What are they like inside?
Getting comfortable is easier in the Audi A1, because while its seats don’t drop as low to the ground as the Mini’s, they are easier to adjust. What’s more, the A1’s pedals line up with its steering wheel pretty well, whereas the Mini’s are cocked too far over to the right, which forces you to sit at an uncomfortable angle.
The old Mini’s interior was an ergonomic nightmare. Thankfully, this latest model brings a muh clearer layout while retaining plenty of retro charm. The buttons and knobs for the air-con, for example, are more logical than before, while the electric window switches have been moved from the centre of the dashboard to the doors to make them easier to find without taking your eyes off the road.
Despite the improvements, the Mini's dashboard is still nowhere near as functional or easy to use as the A1’s, which has bigger and easier-to-hit buttons. The A1’s interior has the edge for quality, too, although both cars feature plenty of dense, soft-touch plastics with very few signs of cost-cutting.
You won’t be considering a Mini or an A1 if you need to ferry around more than a single passenger on a regular basis. That’s a good thing because getting into the back of either car requires a fair bit of flexibility.

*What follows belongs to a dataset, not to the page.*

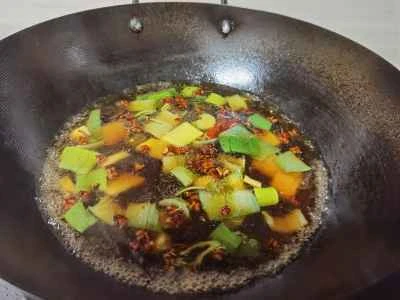 子イノシシの煮込みの作り方：4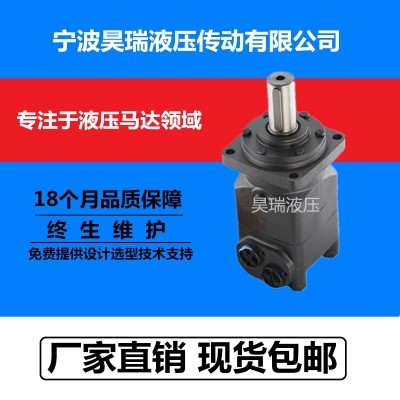 替换进口OMT/OMTW/OMT FX/OMT FL/OMT FH/OMTS160摆线液压马达图5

That said, the Mini’s rear seats aren’t as cramped as you might imagine. There’s slightly more leg room than in the A1 and appreciably more head room, too, which means six-footers won’t have to duck as low to keep their heads from hitting the ceiling.
Anyone familiar with the previous Mini will also be pleasantly surprised by the size of the boot. It’s still small compared with say, a Ford Fiesta’s, but there's space for the weekly shop. Stump up an extra £120 for the optional Storage Pack and you’ll also get a handy false boot floor, which brings the ability to raise and lower the floor of the load bay to maximise space or reduce the lip you have to lift things over.
Still, you’ll ultimately be able to carry more baggage in the boot of the A1. Its load bay isn’t any wider, and is actually slightly shallower, but it’s considerably longer.